Mechanical Recycling
Mechanical recycling involves sorting, cleaning, and recombining plastic waste in its melted form to create new material. In this process, the material polymers remain intact as opposed to chemical recycling, where polymers are reduced to their basic building blocks.
Microplastic
Microplastics are minute pieces of plastic created by degradation or mechanical processes that are less than five millimeters long in size. Microplastics are a pervasive pollutant to the ocean and are difficult to remove from the environment.
Natural Fibres
Natural Fibres are any thin string-like materials that are directly obtained from natural resources like animals, plants, or minerals. These can be made into materials like paper, felt, and cloth.
Natural Resources
Natural resources exist entirely on their own without any human interference.

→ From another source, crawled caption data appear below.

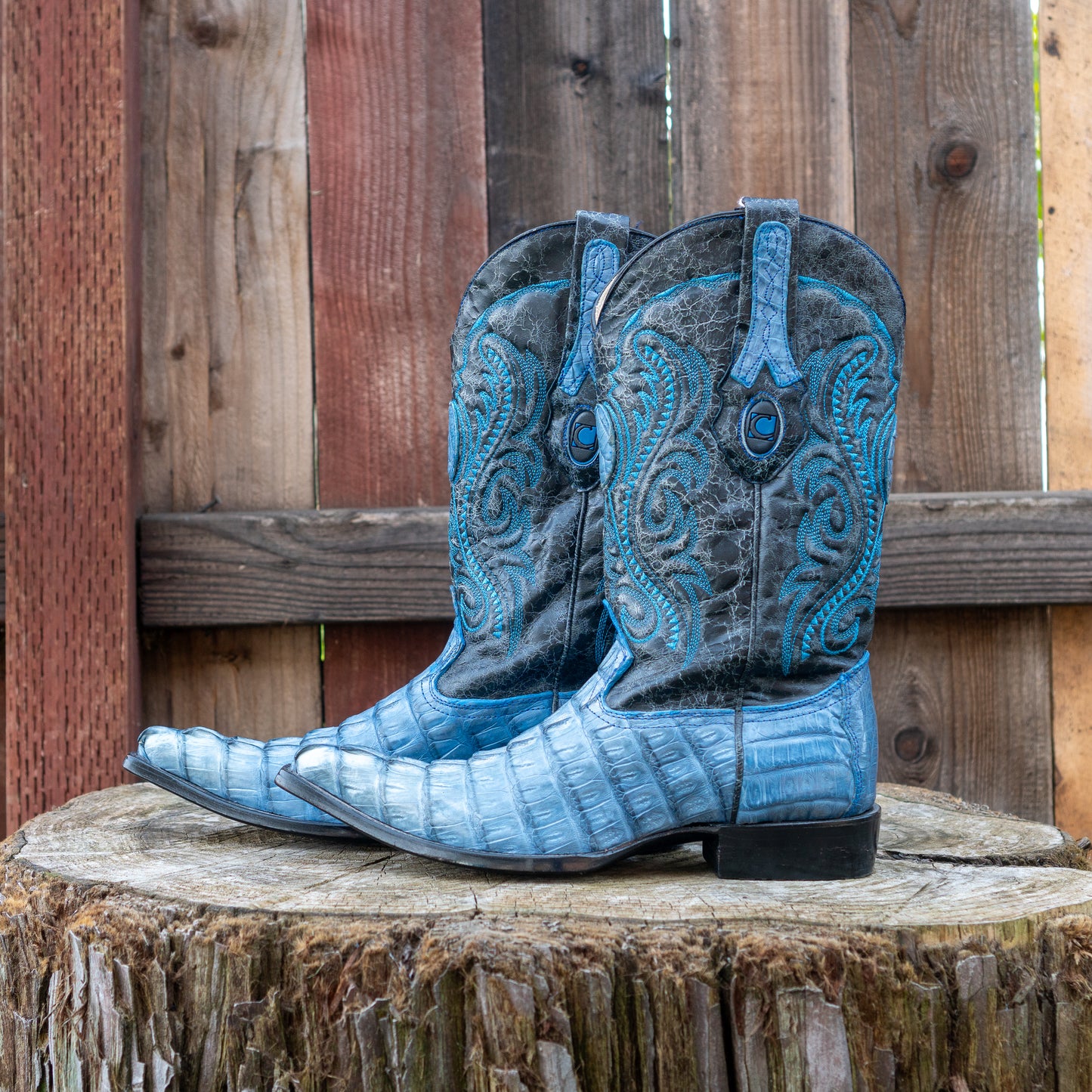 Cuadra Men's Fuscus Belly Cowboy Boots in Blue Jeans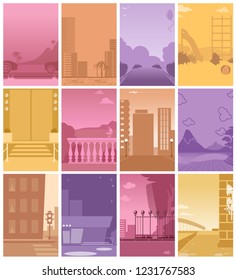 vector set of illustration street backgrounds, park, city, river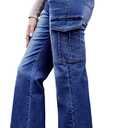 ZMPSIISA Womens Cargo Jeans Wide Leg Y2K Bootcut Flare Bell Bottoms High Waisted Denim Cargo Pants Flap Pockets Stretchy Trousers(Dark Blue, Medium)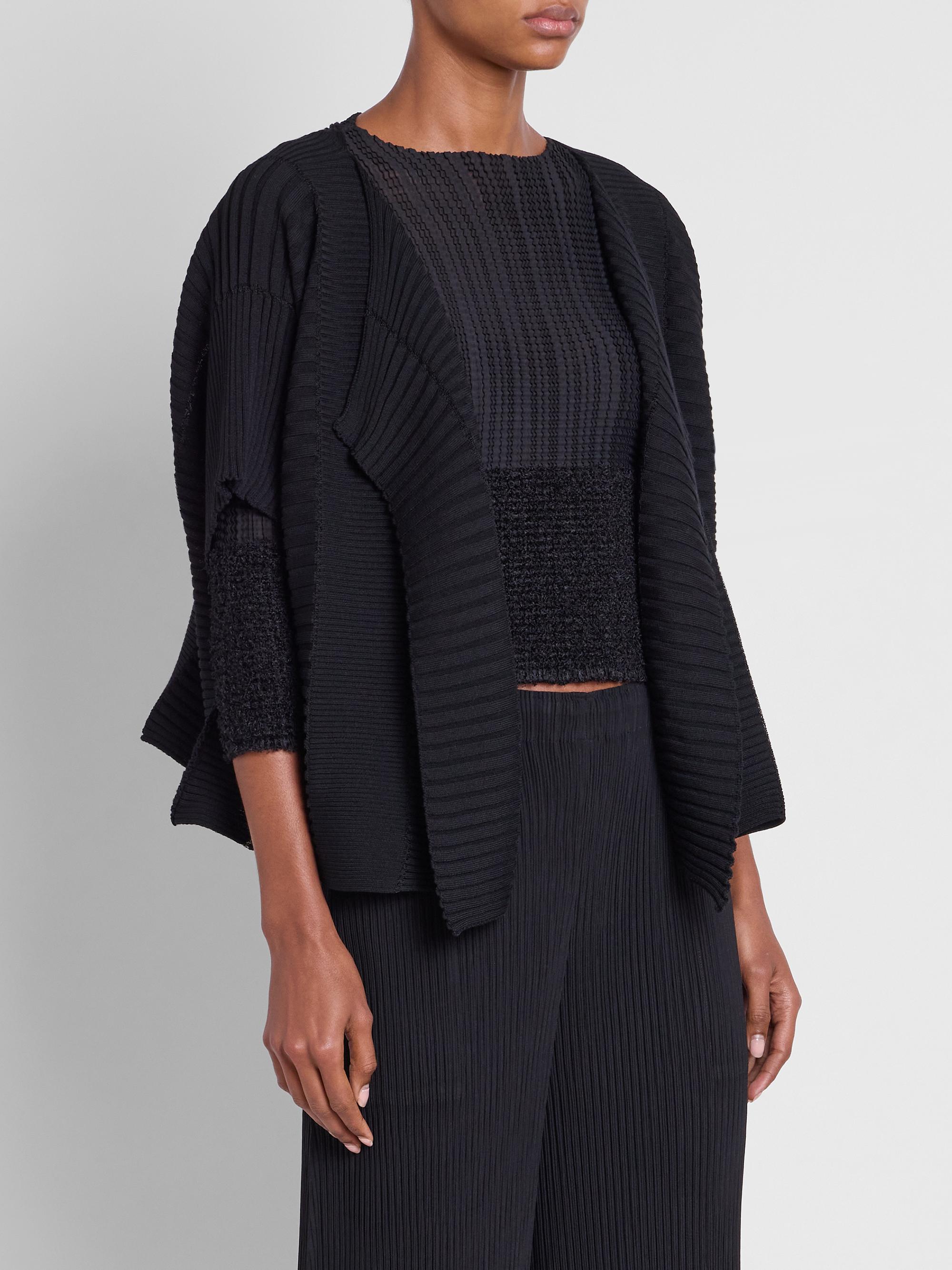 1999AW ISSEY MIYAKE ブラック 黒 マフラー 立体3Dニット Issey Miyake Ribbed Open-Front Cardigan | Saks Fifth Avenue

They are naturally occurring materials or substances such as minerals, fibers, water, and land that can be finite or renewable and used for economic gain.
Non-Renewable Resources
Non-renewable resources are energy sources that can not be replenished once they are used up. This means they are finite and can not be used sustainably. Coal, natural gas, and oil are examples of non-renewable resources.
Recycling
Recycling is the process whereby materials are collected and reprocessed into a material that can be used in continuity to create more products. Commonly recycled items are paper, plastic, aluminum, and glass.
Renewable Energy
Renewable energy comes from naturally replenishable sources such as wind and solar energy that do not deplete from use.
Resin Identification Code
The resin identification code helps identify which type of plastic is used in a given product or packaging for identification and recycling purposes.
Reusable
A reusable item is an object that can be used multiple times for the same or different purpose conserving the energy used to make the original item.
Sustainability
Sustainability is the ability of a system to maintain a certain level or rate, in other words, “meeting our own needs without compromising the ability of future generations to meet theirs”.
Upcycling
Upcycling is the process of increasing the usability of materials by giving them a “second life” through repurposing. For example, old wooden pallets can be upcycled into a bed frame giving it further use past its intended purpose.